What is being asked
I need the records below restated word for word, without their pictures.

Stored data

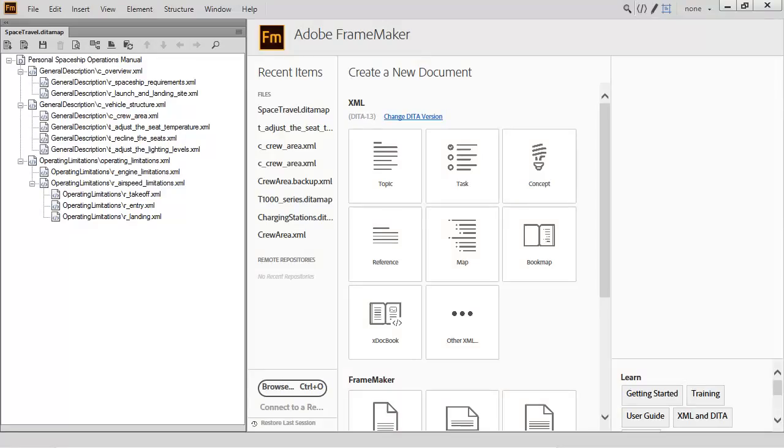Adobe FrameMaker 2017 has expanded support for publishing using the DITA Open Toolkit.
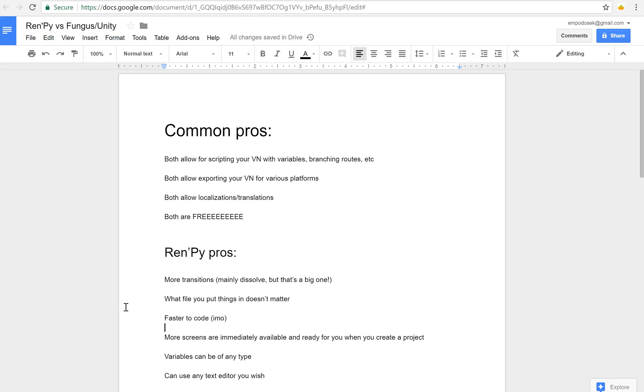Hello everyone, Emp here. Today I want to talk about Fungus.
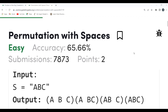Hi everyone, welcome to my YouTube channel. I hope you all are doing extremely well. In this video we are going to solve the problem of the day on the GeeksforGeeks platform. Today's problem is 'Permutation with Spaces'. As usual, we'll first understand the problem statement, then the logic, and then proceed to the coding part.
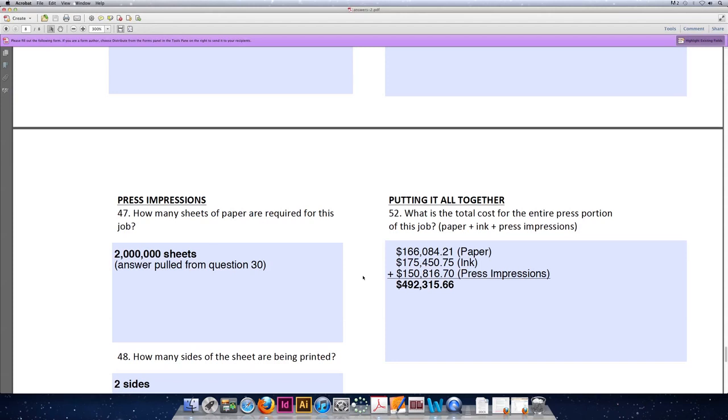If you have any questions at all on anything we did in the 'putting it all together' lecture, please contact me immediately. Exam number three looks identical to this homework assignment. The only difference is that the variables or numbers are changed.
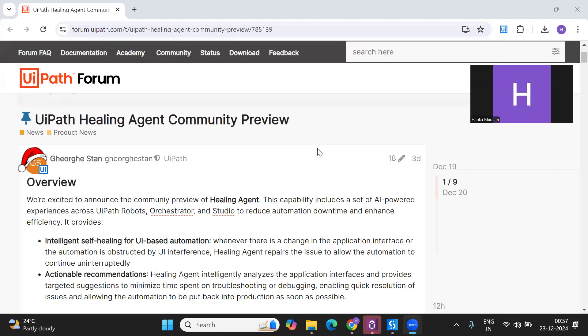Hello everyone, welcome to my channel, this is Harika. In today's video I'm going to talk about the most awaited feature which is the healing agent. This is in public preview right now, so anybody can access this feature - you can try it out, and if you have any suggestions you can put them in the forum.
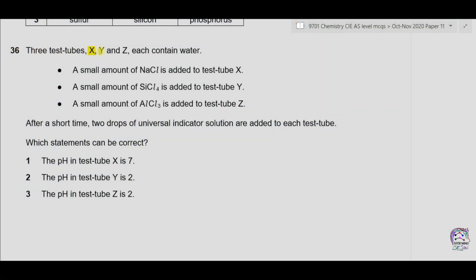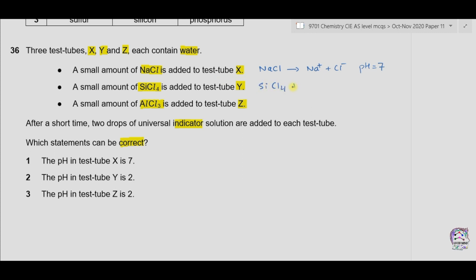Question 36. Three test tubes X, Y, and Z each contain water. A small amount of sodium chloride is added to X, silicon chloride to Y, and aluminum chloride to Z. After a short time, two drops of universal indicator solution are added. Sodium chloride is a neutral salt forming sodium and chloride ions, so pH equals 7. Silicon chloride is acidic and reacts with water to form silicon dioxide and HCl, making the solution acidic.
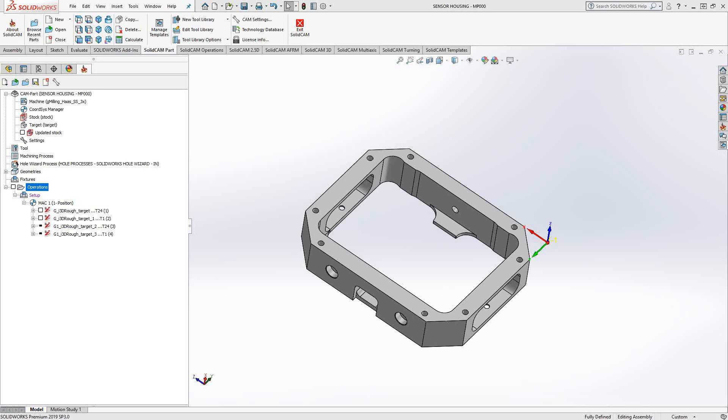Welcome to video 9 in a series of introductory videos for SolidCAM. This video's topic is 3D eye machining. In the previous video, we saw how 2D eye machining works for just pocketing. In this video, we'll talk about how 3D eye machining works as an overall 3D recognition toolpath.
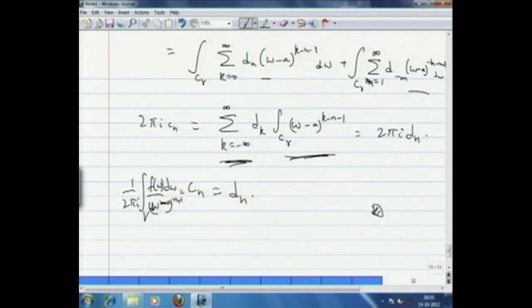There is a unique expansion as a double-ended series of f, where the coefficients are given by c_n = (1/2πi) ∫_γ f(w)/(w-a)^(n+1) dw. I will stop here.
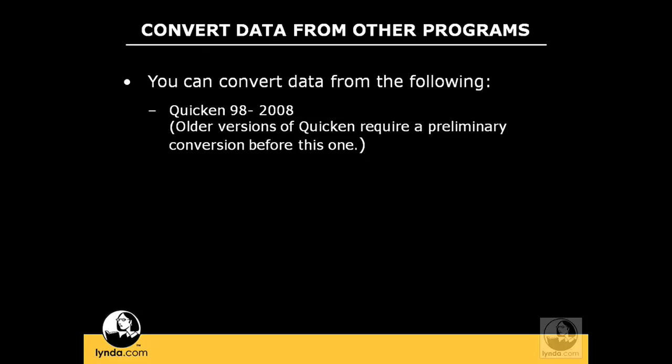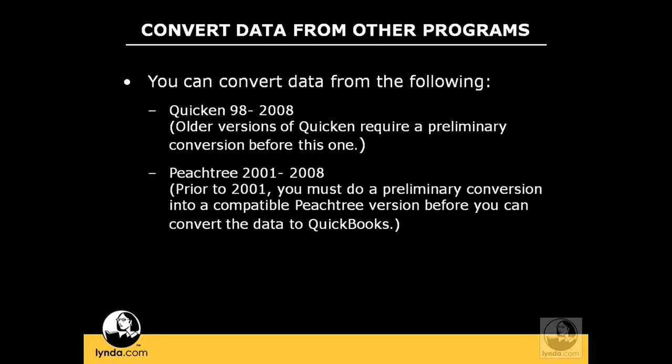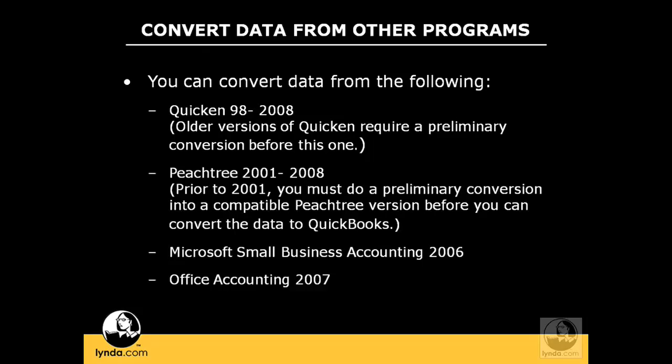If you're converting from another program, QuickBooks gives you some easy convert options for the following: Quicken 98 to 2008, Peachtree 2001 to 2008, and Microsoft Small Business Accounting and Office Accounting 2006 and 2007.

Result for this task
Adobe FrameMaker 2017 has expanded support for publishing using the DITA Open Toolkit.
Hello everyone, Emp here. Today I want to talk about Fungus.
Hi everyone, welcome to my YouTube channel. I hope you all are doing extremely well. In this video we are going to solve the problem of the day on the GeeksforGeeks platform. Today's problem is 'Permutation with Spaces'. As usual, we'll first understand the problem statement, then the logic, and then proceed to the coding part.
If you have any questions at all on anything we did in the 'putting it all together' lecture, please contact me immediately. Exam number three looks identical to this homework assignment. The only difference is that the variables or numbers are changed.
Hello everyone, welcome to my channel, this is Harika. In today's video I'm going to talk about the most awaited feature which is the healing agent. This is in public preview right now, so anybody can access this feature - you can try it out, and if you have any suggestions you can put them in the forum.
Question 36. Three test tubes X, Y, and Z each contain water. A small amount of sodium chloride is added to X, silicon chloride to Y, and aluminum chloride to Z. After a short time, two drops of universal indicator solution are added. Sodium chloride is a neutral salt forming sodium and chloride ions, so pH equals 7. Silicon chloride is acidic and reacts with water to form silicon dioxide and HCl, making the solution acidic.
Welcome to video 9 in a series of introductory videos for SolidCAM. This video's topic is 3D eye machining. In the previous video, we saw how 2D eye machining works for just pocketing. In this video, we'll talk about how 3D eye machining works as an overall 3D recognition toolpath.
There is a unique expansion as a double-ended series of f, where the coefficients are given by c_n = (1/2πi) ∫_γ f(w)/(w-a)^(n+1) dw. I will stop here.
If you're converting from another program, QuickBooks gives you some easy convert options for the following: Quicken 98 to 2008, Peachtree 2001 to 2008, and Microsoft Small Business Accounting and Office Accounting 2006 and 2007.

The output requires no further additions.